Regardless of her claim, the reason Kallum didn’t identify the contradictions in that chamber was for me, because I asked him not to point to Devyn. My ask was high; my own self-deception.

A dark gleam ignites behind Kallum’s eyes. “In you, Cleopatra the Alchemist, is hidden the whole terrible and strange mystery.” His arms tighten around me as he regards her. “You’ve advanced, priestess.”

“I was given little choice,” she snaps. “Will you be displaying your wings tonight, demon of fate? Or was that merely a flashy distraction, like quoting Ostanes now?” She wags her finger and sways to the pulsing rhythm of the drum. “Nietzsche was so close to ascension, if only he had been strong enough to devour his sun in the end. Instead, he just went mad.”

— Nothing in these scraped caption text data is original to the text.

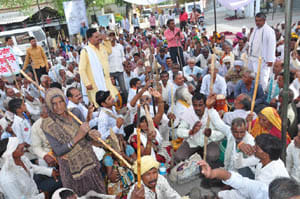 Rations , water poured into the farmers camped Collectorate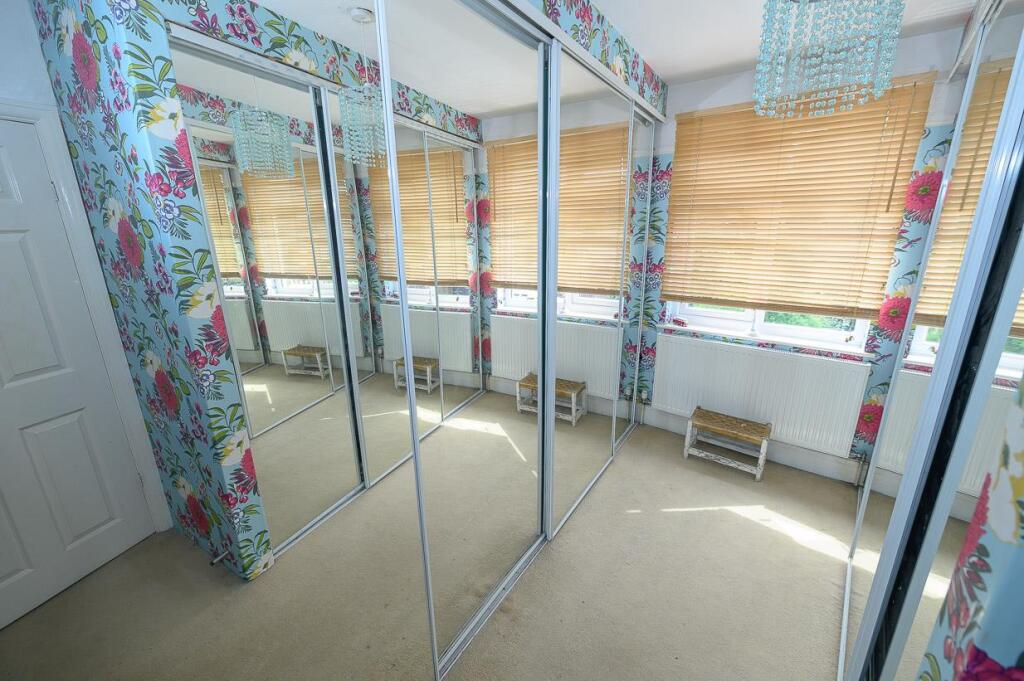 Bedroom 3-dressing room.jpg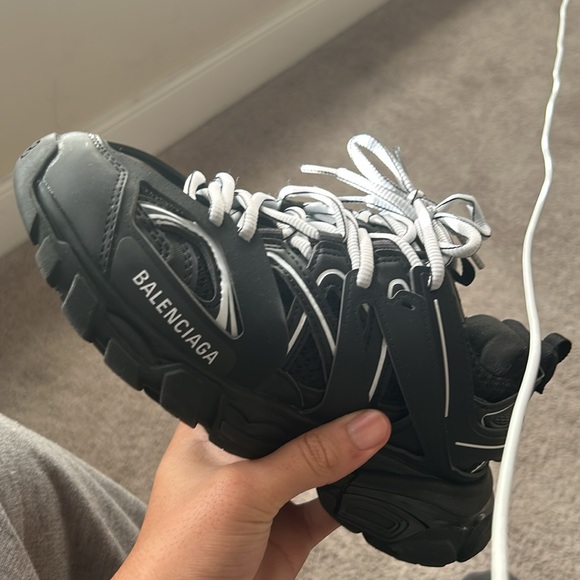 Balenciaga Tracks (NON LED) - Picture 2 of 2
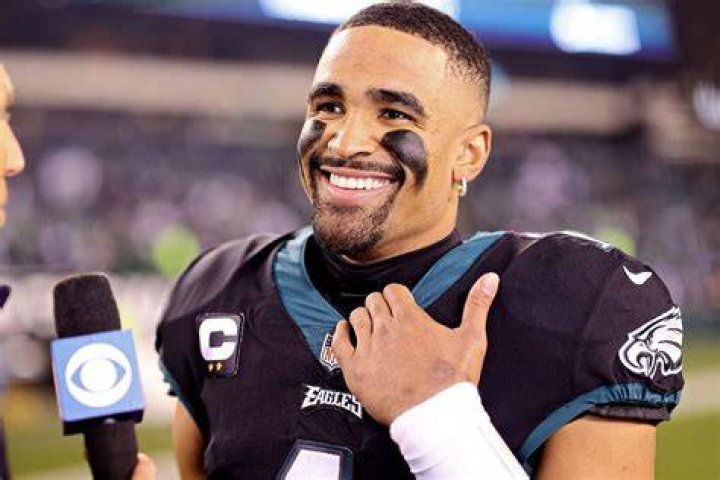 Eagles QB Jalen Hurts Earns His Master's Degree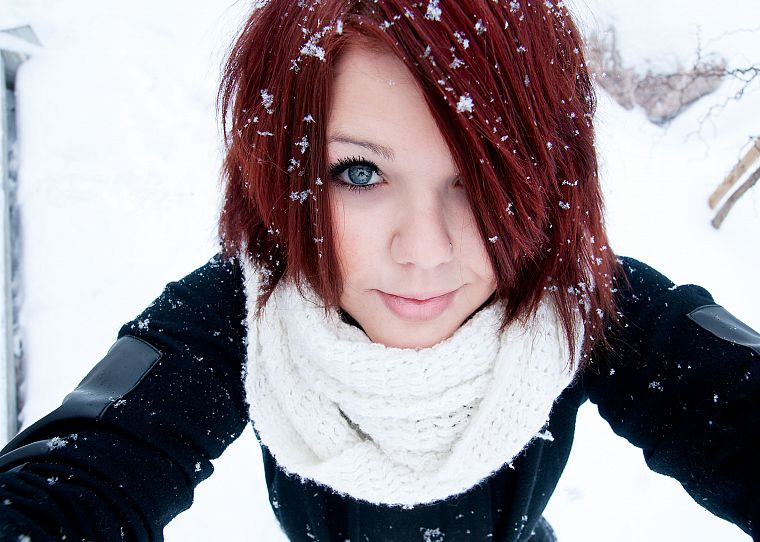 девушки, снег, глаза, рыжеволосые, снежинки, Волосы на лице, портреты - обои на рабочий стол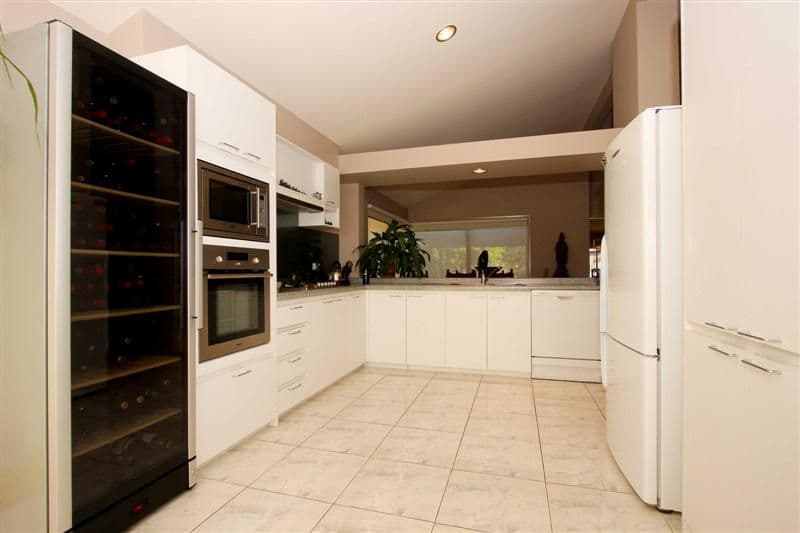 5 Santa Monica Drive, TAYLORS LAKES VIC 3038, Taylors Lakes - Thumbnail 3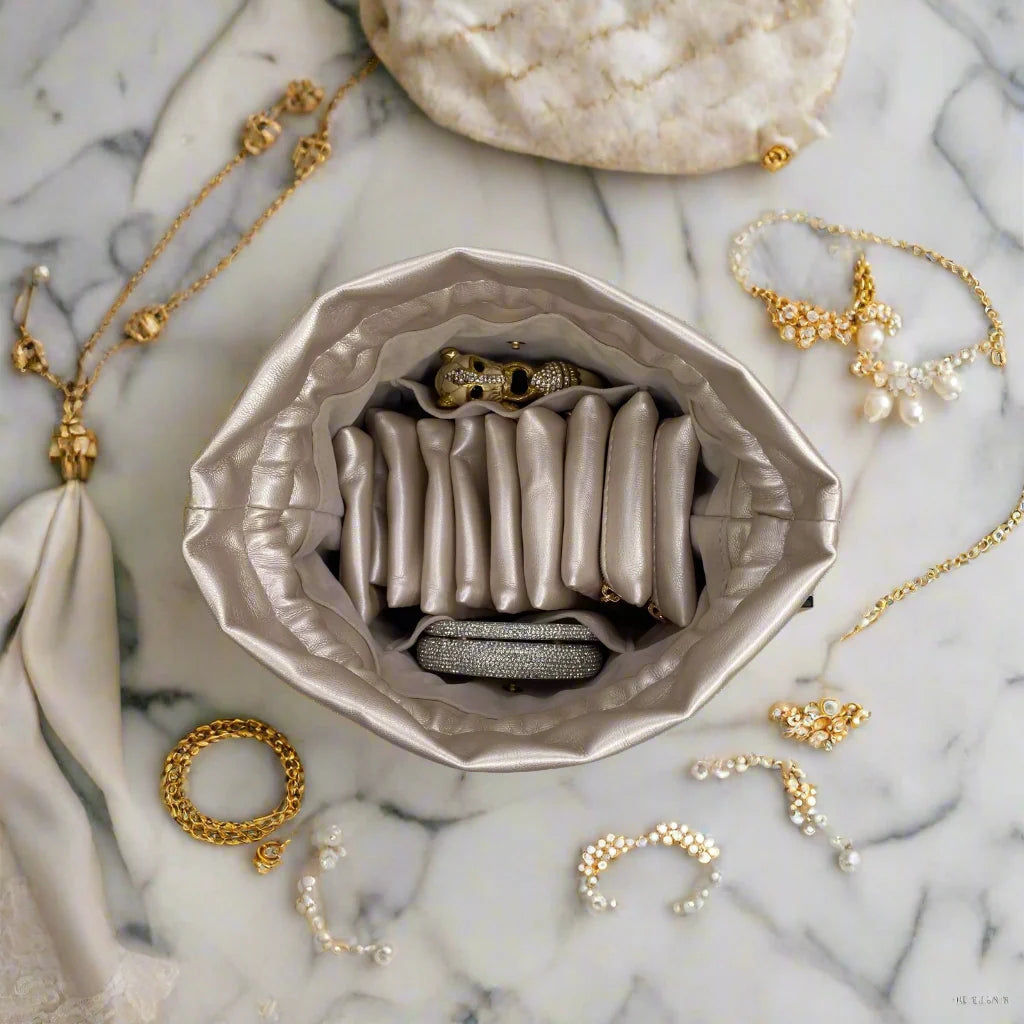Ultra Jewelry Case Pearl Quilted - PurseN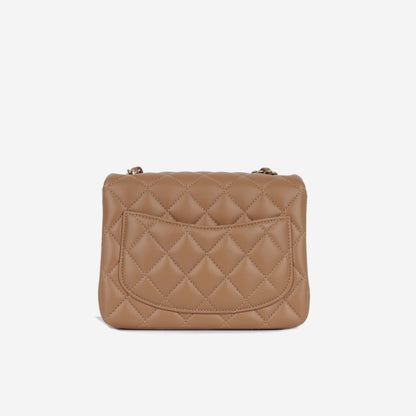 Chanel Classic Flap Lambskin Gold Shoulder Bag Style 84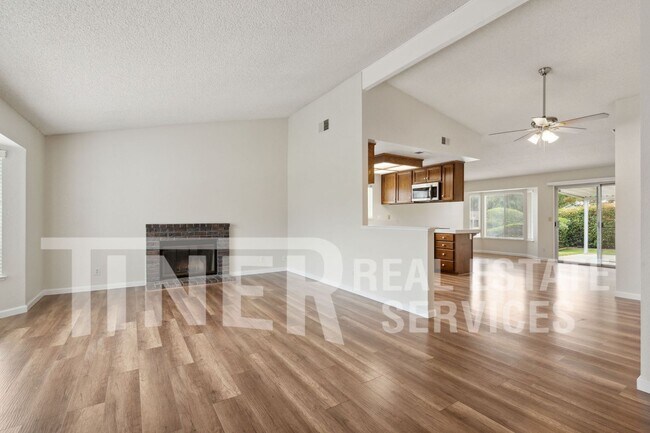 Building Photo - Beautiful Home with Open Floor Plan!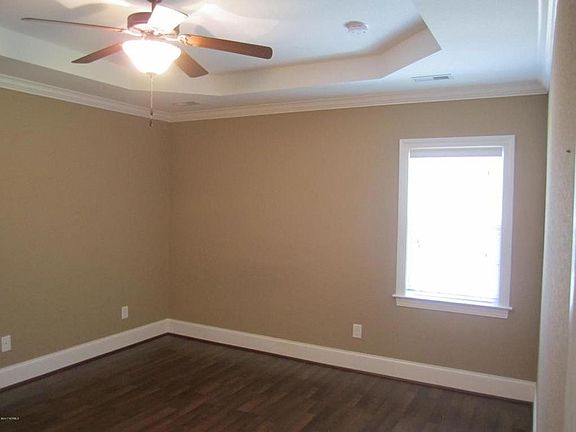 4th image of 3332 Ellsworth Dr #B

Kallum straightens his spine, towering over me protectively. “The same fate awaits your boyfriend.”

“Did you miss the part about the ego?” Her smile stretches. “You cited the master sorcerer of the dark arts himself. You’re so good at dropping hints, like little riddles. Tell me I’m wrong, that I’m still unworthy.”

Some understanding passes between them, and her gaze narrows on Kallum with disdain before she turns my way. “The sacrifice of a human was never intended to sever humanity, Halen. You got that wrong. Not only is a blood sacrifice the most powerful, it’s the only way to keep the mind intact. You can thank your boyfriend for that insight.”

Kallum cradles the back of my head, his fingers speared into my hair possessively. “While I sympathize with Emmons’ lovesick heart, only one of us gets the girl,” he says, firm resolve in his deep baritone.

Devyn raises her chin, her antlers casting a tall shadow behind her. “Love makes us all sick, professor.”

The flames cast Kallum’s features in striking relief, his gaze on me just as feverish. If given the choice, he would sacrifice himself for me in this moment. I see the truth in those clashing eyes that smolder hotter than the burning coals.